Bus 174 is the greatest documentary film I have seen. One day in June of 2000, a young Brazilian street kid named Sandro is interrupted by the police while trying to rob a downtown Rio de Janeiro bus. He takes hostages, and the standoff that ensues is transmitted live, and in shockingly close detail, to millions of television viewers all over the country.

What Padilha does, while letting the hostage standoff unfold in front of us via footage collated from the many TV crews present, is to simultaneously retrace the events in Sandro's life that led to the incident on the bus. If this sounds like a recipe for some sort of bleeding-heart exercise in emotional manipulation, don't worry: the reconstruction that takes place is in fact quite detached and analytical, and never lets Sandro off the hook for his actions. Its primary virtue, however, is that it doesn't let anyone else off the hook either.
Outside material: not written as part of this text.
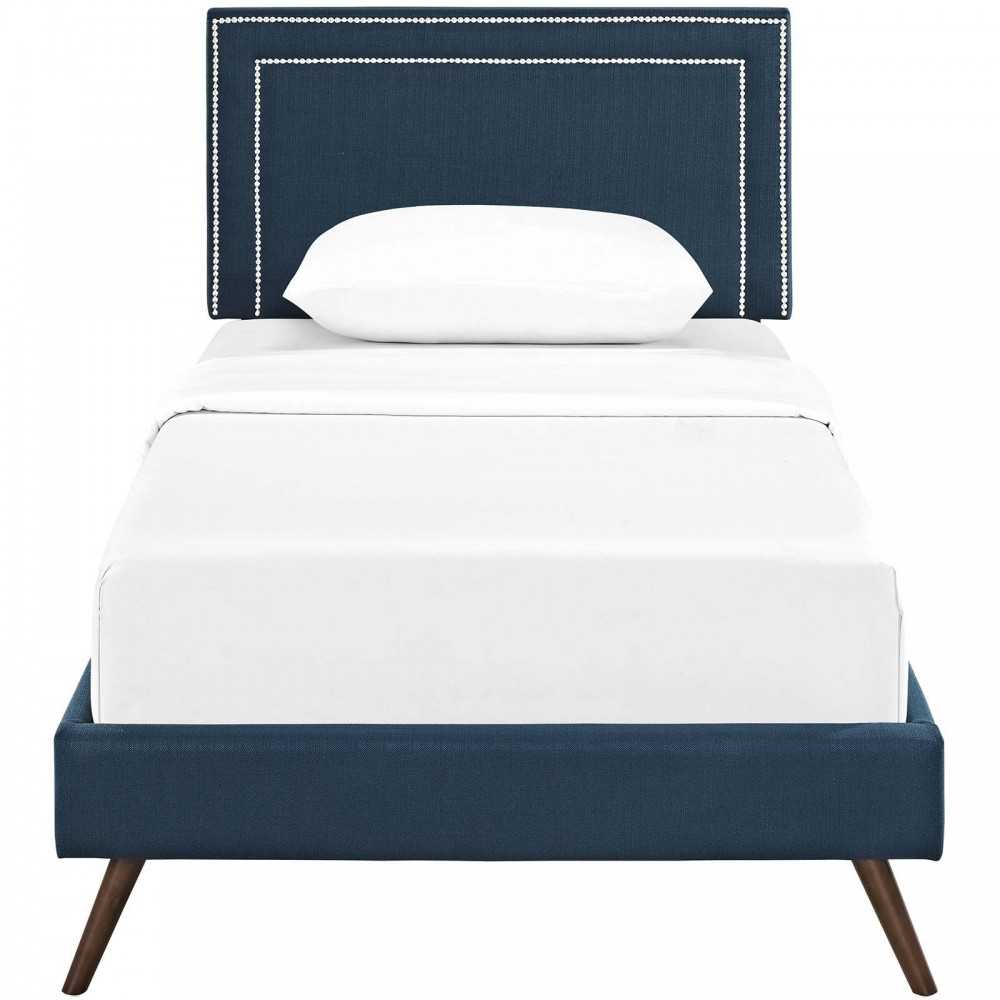 Virginia Twin Fabric Platform Bed with Round Splayed Legs, Azure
Padilha has characterized Bus 174 as being about "urban violence in developing countries." But it turns out to be about so much more, including not only many of the major social concerns of our time-- particularly the growing gap between rich and poor--but also deeper metaphysical issues like personal identity, free will, and our ineradicable moral nature. All of these issues are compounded by the fact that the story told here is far beyond what any writer of fiction could possibly construct, with an ending so bizarre and so troubling that it will stick with you for a very long time.

10/10
Posted by Tim C. at 12:20 AM - No Comments   Add a Comment  
 

 Eyes Without a Face (Georges Franju, 1959)
 

What's creepier? A face without eyes--or eyes without a face? After long and intense deliberation, apparently, the makers of this film decided on the latter.

Kenneth Turan, one of the only two movie critics I trust (the other is Anthony Lane from the New Yorker), wrote the following: "Once seen, never forgotten, 'Eyes Without a Face' is a film to haunt your dreams. Disturbing, disorienting, quietly terrifying, it's one of the least known of the world's great horror movies and, in its own dark way, a startlingly beautiful and artful piece of cinema as well." So how could I resist?

After seeing it, however, I was a bit underwhelmed. For one thing, the main characters--the doctor, his assistant, and the daughter--are never fully developed in the way you'd want them to be. And why are the cops in the film so stupid? But on the other hand, if you think about the film solely as a sort of twisted fairy tale, a la E.T.A. Hoffman, it is a resounding success.